Benjamin Stokes

BIOGRAPHY

Benjamin G. Stokes, is a co-founder of the Serious Games subgroup known as Games For Change, which concentrates on societal change and nonprofit partners. He is also a program manager overseeing digital learning projects at NetAid under the umbrella of Education for Global Citizenship. This work included the 2004 launch of the Peter Packet Game and Challenge in collaboration with Cisco Systems. Benjamin is the architect behind NetAid's interactive VolunteerGuru guidance counselor and previously managed the developing world's preeminent Online Volunteering service in coordination with the United Nations Volunteers.
Before NetAid, Benjamin produced and edited virtual fieldtrips and online research products at Bigchalk/ProQuest, which serves more than 40,000 K-12 schools. Benjamin has taught in a number of contexts, including applied logic and wilderness survival for middle school students. Benjamin studied abroad in Senegal and graduated from Haverford with a BA in physics and a minor in French literature. As a progressive student leader, he co-founded the campus anti-sweatshop group. After graduating, Benjamin worked with the CREA House to develop a living wage standard for the U.S.-Mexico border region. In his spare time, Benjamin has been seen recently indulging in the Slow Food movement.

ABSTRACT

Combining Play with Service Learning
Workshop, Friday (1:30 - 3:00) in Hall of Ideas E

Good service learning, like good learning in games, is personally relevant, social and experiential. As luck would have it, the Internet is bringing both games and service learning online. Pedagogical and game-system confluences are both possible. On one hand, encouraging overlap between games and service learning may facilitate broader buy-in of gamesbenefits from within the formal school system. On the other hand, overlap can coexist in a single product when game systems integrate such community service as online tutoring, online stewardship or even fundraising. Both games and service emphasize identity and motivation in learning -- and where education seeks to empower learners to change the world, the combination may prove especially powerful.

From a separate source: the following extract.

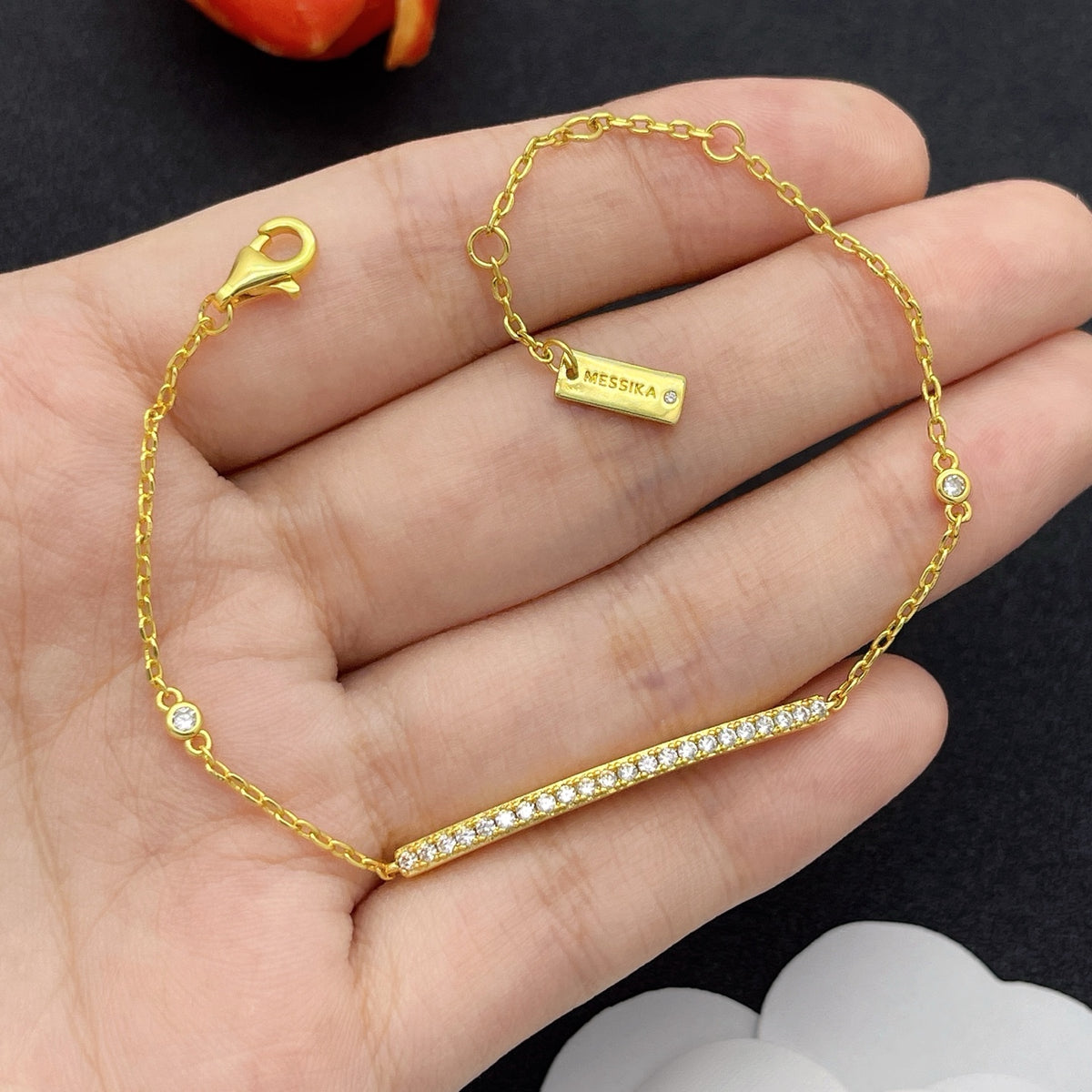 Messika Slim Bar Chain bracelet in Gold Tone, main view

Already, administrative acceptance of service learning is rising in middle and high schools, where support for games typically declines. At the same time, one game built by Cisco Systems and NetAid already includes an extension for online service. Earlier this year, the largest national service learning conference featured a roundtable where we discussed these same ideas.

This workshop will interactively explore productive confluences between games and (online) service learning. In small groups we'll work through several case studies ranging from a traditional videogame that could easily adopt service learning to an instance where service learning could be made into a videogame. Insights from the related discussion at the national service learning conference will be incorporated. Parallels between empowerment in learning and society will be discussed. Outcomes include identifying potential opportunities emerging from overlap at both the pedagogical and game-system level.


ABSTRACT

Games for Change Discussion
Luncheon Meeting, Thursday (12:15 - 1:30) in the Grand Terrace

Since its launch a year ago, the Serious Games subgroup known as Games For Change (G4C) has seen its membership and visibility grow significantly. As a community of practice, G4C explores "social change" through games by emphasizing partnerships between industry, nonprofits, universities and more. Join us during lunch, where several tables have been set aside for a conversation with G4C co-founder Benjamin Stokes exploring G4C and multi-sector partnerships around research, publicity and development.